L'attention que je porte au tantrisme s'alimente de lectures dont L'Inde au coeur se remplit petit à petit. Cet ouvrage-ci, en cours de (re)lecture, est dans la lignée explicative à destination des occidentaux. Il éclaire d'une grande autorité ce domaine si riche dans un langage sans (trop) d'inutiles surcharges en sanskrit. Il est avec L. Silburn un auteur qui compte dans mon panthéon personnel.

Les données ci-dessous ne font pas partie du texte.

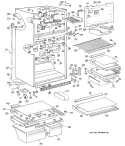 Part Location Diagram of WR38X1773 GE REFLECTOR FRAME VP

1 LE DOMAINE TANTRIQUE: essais de définition
23  Le mot tantrisme est fâcheux. Sa terminaison en isme donne à croire à l’existence d’une entité religieuse particulière. Ce n’est
pas le cas. Le jansénisme n’est pas une religion particulière, ni une secte, mais une façon d’interpréter et de vivre le catholicisme.
De même le tantrisme est une façon d’interpréter et de vivre l’hindouisme.
24  Plutôt que tantrisme, lui préférer le phénomène tantrique, le domaine tantrique. Il y a une vision tantrique de l’être humain. L’hindouisme médiéval était largement tantrique. Il est la principale sinon la seule source des notions les plus essentielles gouvernant le culte, les images, l’initiation, le yoga, la suprématie des gurus.


La vue indienne du sujet
27  Le sanskrit tantra se rattache à la racine verbale TAN qui signifie tendre ou étendre, d’où tantra au sens de « navette », de chaine de tissus, de continuité, et à partir de là de système de théorie, de doctrine, d’ouvrage. Des textes nommés tantras sont apparus en nombre appréciable : ils exposaient des doctrines et des pratiques nouvelles et se réclamaient d’une révélation divine non védique.
34  Le domaine tantrique est pour l’adepte son domaine  privé, personnel, secret par opposition au domaine védique public ouvert et visible.
35  En Inde aujourd’hui, l’activité tantrique tend à être perçue dans le grand public comme une magie transgressive et dangereuse. Même vu de l’Inde, le monde tantrique est complexe et fait problème. Le regard occidental ou la construction du tantrisme.
36  Le tantrisme représente en un certain sens la dilatation maximale du concept de « délivré en vie ».
37  L’attitude tantrique est la mise de l’éros, qui normalement enchaîne les humains à ce monde, au service de la délivrance. D’où l’importance donnée au corps de l’adepte tantrique. Les textes tantriques disent presque toujours que leur enseignement mène l’initié à une libération en vie où il trouvera à la fois la libération et des jouissances d’ordre spirituel ou mondain.
40  Les traditions tantriques sont initiatiques : un tantrika est un initié, ce qui suppose un maître initiateur, un guru, puis une transmission de maître à maître. Cela implique aussi que soit sans cesse affirmé le caractère secret des enseignements tantriques. Ce secret est lié à l’autre élément essentiel de la réalité tantrique: la transgression – simple dépréciation ou rejet plus ou moins total des règles de la pureté. C’est par la participation, la plongée dans l’interdit que le tantrika se transcende, qu’il obtient tous les pouvoirs ou le salut, un salut trouvé en ce monde.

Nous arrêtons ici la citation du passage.